Berlin/Grafschaft Bentheim/Emsland. Der Bund hat im Rahmen der Corona-Soforthilfen zusätzlich zu den 2 Milliarden Euro im zukünftigen Sondervermögen weitere 1,5 Milliarden Euro für Investitionen zum beschleunigten Ausbau der Infrastruktur für die Ganztagsbetreuung von Grundschulkindern zur Verfügung gestellt. Damit soll auch der geplante Rechtsanspruch auf Ganztagsbetreuung für Grundschulkindern ab 2025 vorbereitet werden. De Ridder betont, dass der Ausbau der Ganztagsbetreuung die individuelle Förderung der Grundschüler*innen ermöglicht.

„Wie im Koalitionsvertrag vereinbart ist, arbeitet der Bund mit großer Kraftanstrengung darauf hin, den Familien in Deutschland einen Rechtsanspruch auf eine ganztägige Betreuung ihrer Kinder in der Grundschule zu verschaffen. Der Ausbau der Ganztagsbetreuung ermöglicht die individuelle Förderung der Grundschüler*innen und trägt damit zu mehr Teilhabechancen in Deutschland bei. Zugleich werden hierdurch die berufstätigen Elternteile entlastet. Das ist gerade in harten Zeiten wie diesen ganz besonders wichtig: Die Corona-Pandemie hat uns eindringlich gezeigt, welche zusätzlichen Belastungen auf die Familien zukommen, wenn Betreuungsmöglichkeiten wegfallen. Das Investitionsprogramm hat somit den Anspruch nicht nur die Herausforderungen der Corona-Zeit zu überbrücken, sondern auch in Zukunft Bildung und Betreuung zu verbessern; es kann nun auch intensiv für Ausbaumöglichkeiten genutzt werden. Und wie notwendig diese sind, hat uns ja der harte Einschnitt unter Corona-Bedingungen in den Schulen überaus deutlich gemacht“, betont Dr. Daniela De Ridder, SPD-Bundestagsageordnete für den Wahlkreis Mittelems.

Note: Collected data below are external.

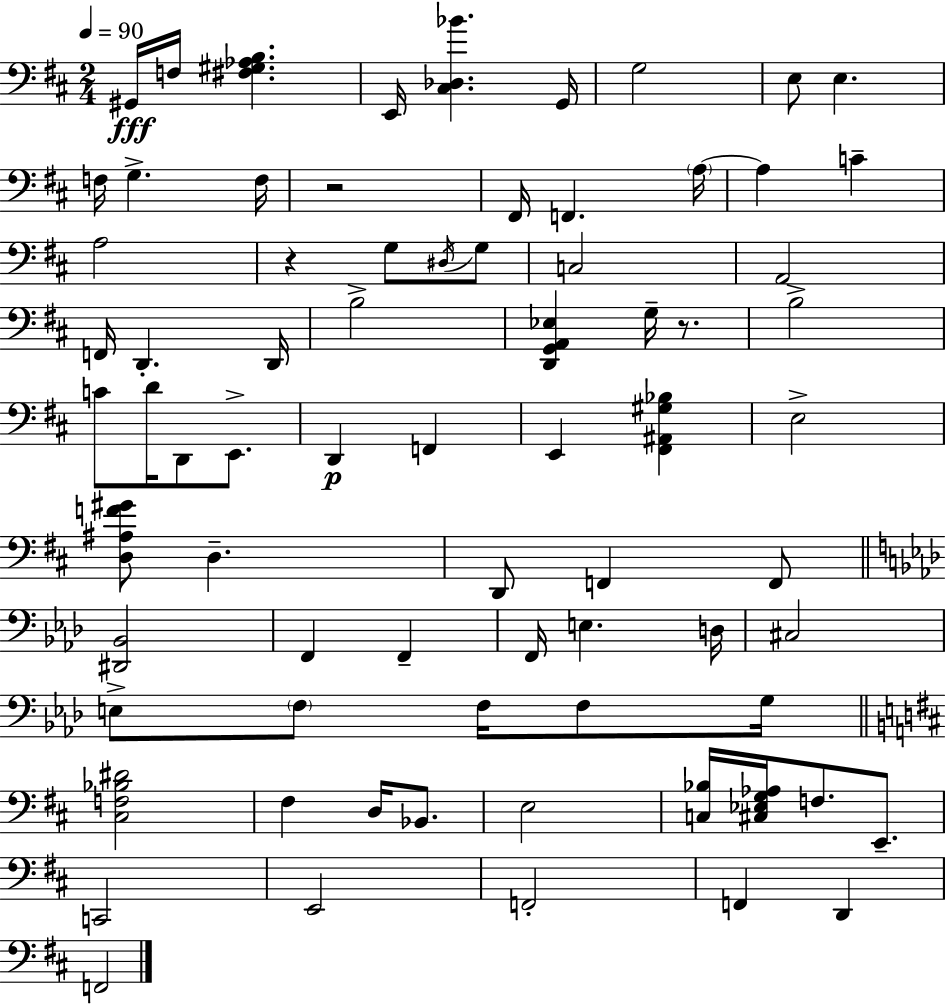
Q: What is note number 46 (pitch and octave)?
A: E3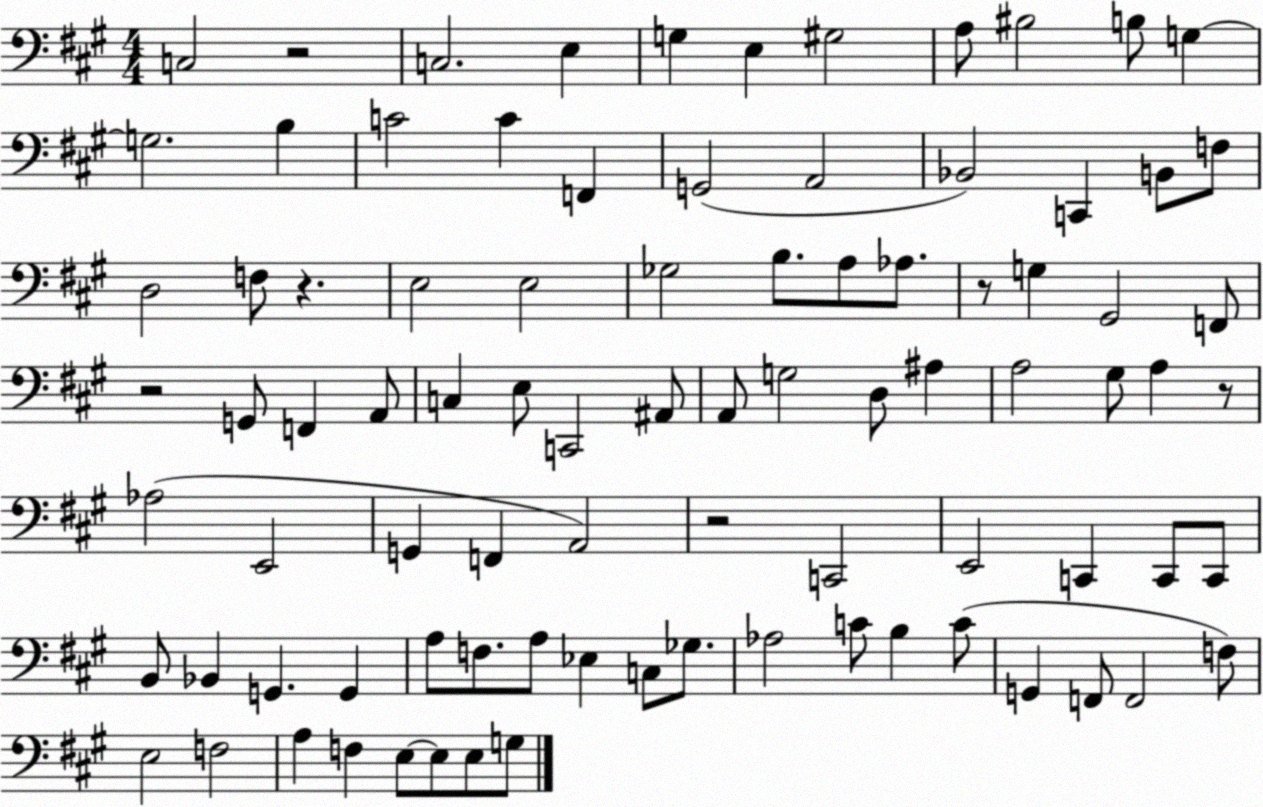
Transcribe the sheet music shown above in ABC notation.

X:1
T:Untitled
M:4/4
L:1/4
K:A
C,2 z2 C,2 E, G, E, ^G,2 A,/2 ^B,2 B,/2 G, G,2 B, C2 C F,, G,,2 A,,2 _B,,2 C,, B,,/2 F,/2 D,2 F,/2 z E,2 E,2 _G,2 B,/2 A,/2 _A,/2 z/2 G, ^G,,2 F,,/2 z2 G,,/2 F,, A,,/2 C, E,/2 C,,2 ^A,,/2 A,,/2 G,2 D,/2 ^A, A,2 ^G,/2 A, z/2 _A,2 E,,2 G,, F,, A,,2 z2 C,,2 E,,2 C,, C,,/2 C,,/2 B,,/2 _B,, G,, G,, A,/2 F,/2 A,/2 _E, C,/2 _G,/2 _A,2 C/2 B, C/2 G,, F,,/2 F,,2 F,/2 E,2 F,2 A, F, E,/2 E,/2 E,/2 G,/2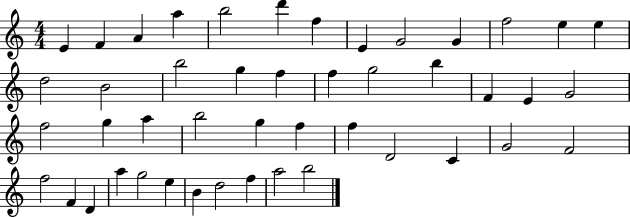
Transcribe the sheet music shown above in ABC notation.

X:1
T:Untitled
M:4/4
L:1/4
K:C
E F A a b2 d' f E G2 G f2 e e d2 B2 b2 g f f g2 b F E G2 f2 g a b2 g f f D2 C G2 F2 f2 F D a g2 e B d2 f a2 b2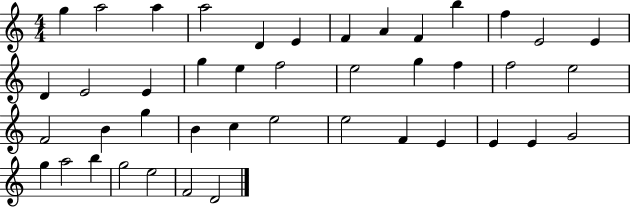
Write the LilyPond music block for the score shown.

{
  \clef treble
  \numericTimeSignature
  \time 4/4
  \key c \major
  g''4 a''2 a''4 | a''2 d'4 e'4 | f'4 a'4 f'4 b''4 | f''4 e'2 e'4 | \break d'4 e'2 e'4 | g''4 e''4 f''2 | e''2 g''4 f''4 | f''2 e''2 | \break f'2 b'4 g''4 | b'4 c''4 e''2 | e''2 f'4 e'4 | e'4 e'4 g'2 | \break g''4 a''2 b''4 | g''2 e''2 | f'2 d'2 | \bar "|."
}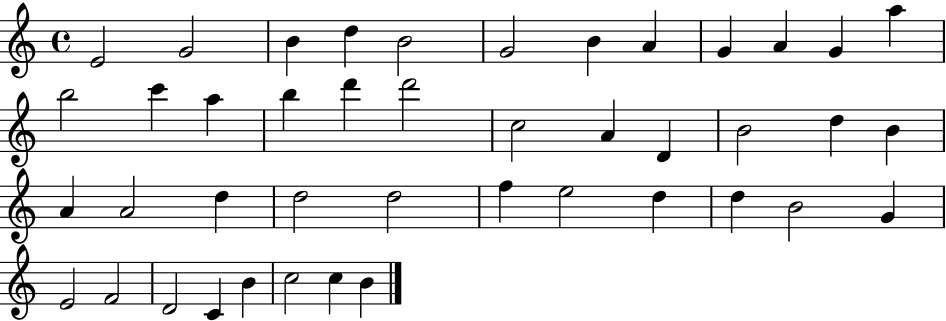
{
  \clef treble
  \time 4/4
  \defaultTimeSignature
  \key c \major
  e'2 g'2 | b'4 d''4 b'2 | g'2 b'4 a'4 | g'4 a'4 g'4 a''4 | \break b''2 c'''4 a''4 | b''4 d'''4 d'''2 | c''2 a'4 d'4 | b'2 d''4 b'4 | \break a'4 a'2 d''4 | d''2 d''2 | f''4 e''2 d''4 | d''4 b'2 g'4 | \break e'2 f'2 | d'2 c'4 b'4 | c''2 c''4 b'4 | \bar "|."
}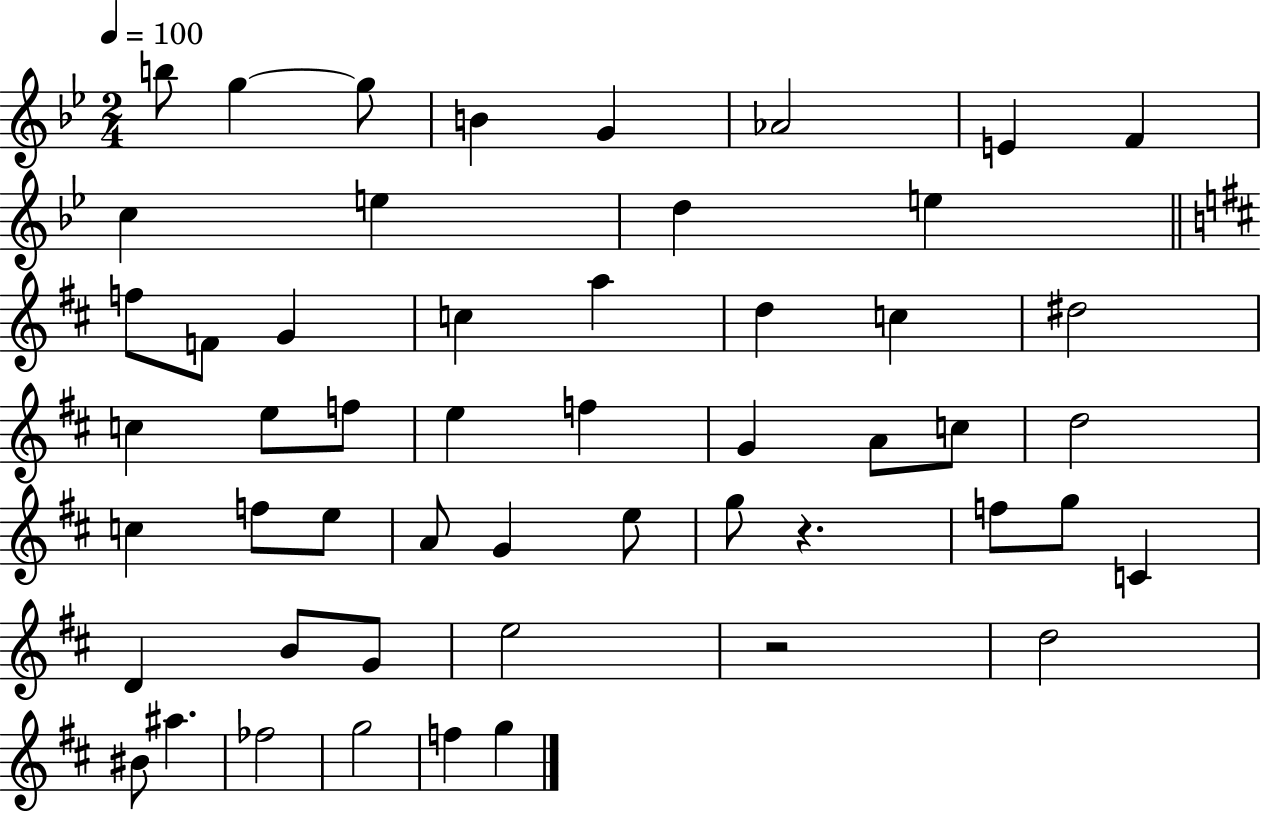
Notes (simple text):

B5/e G5/q G5/e B4/q G4/q Ab4/h E4/q F4/q C5/q E5/q D5/q E5/q F5/e F4/e G4/q C5/q A5/q D5/q C5/q D#5/h C5/q E5/e F5/e E5/q F5/q G4/q A4/e C5/e D5/h C5/q F5/e E5/e A4/e G4/q E5/e G5/e R/q. F5/e G5/e C4/q D4/q B4/e G4/e E5/h R/h D5/h BIS4/e A#5/q. FES5/h G5/h F5/q G5/q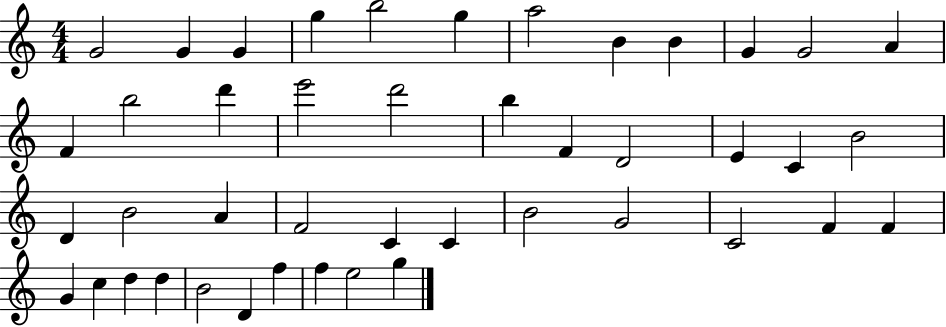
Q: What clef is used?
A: treble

Mit dem Investitionsprogramm zum beschleunigten Infrastrukturausbau der Ganztagsbetreuung für Grundschulkinder stellt der Bund Ländern und Kommunen zusätzlich zu den im Koalitionsvertrag vereinbarten 2 Milliarden Euro, weitere 1,5 Milliarden Euro als Corona-Soforthilfe zur Verfügung. Dabei steuert der Bund 70 Prozent der Fördersumme bei; der Anteil der Länder und Kommunen beträgt 30 Prozent. Geplant ist noch in diesem Jahr rund 750 Millionen Euro an die Länder auszuzahlen, davon gehen 70,6 Millionen Euro an Niedersachsen. Die Förderschwerpunkte liegen bei bauvorbereitenden Maßnahmen und Baumaßnahmen an den Schulen und Ausstattungsinvestitionen, inklusive Verbesserungen der Hygienebedingungen, aber auch Spiel- und Sportgeräte. Vorhaben können gefördert werden, wenn sie nach dem 17. Juni 2020 begonnen wurden (vorzeitiger Maßnahmenbeginn). Vorhaben müssen jedoch bis zum 30. Juni 2021 begonnen und die dafür aufzuwendenden Mittel bis zum 31. Dezember 2021 verausgabt werden.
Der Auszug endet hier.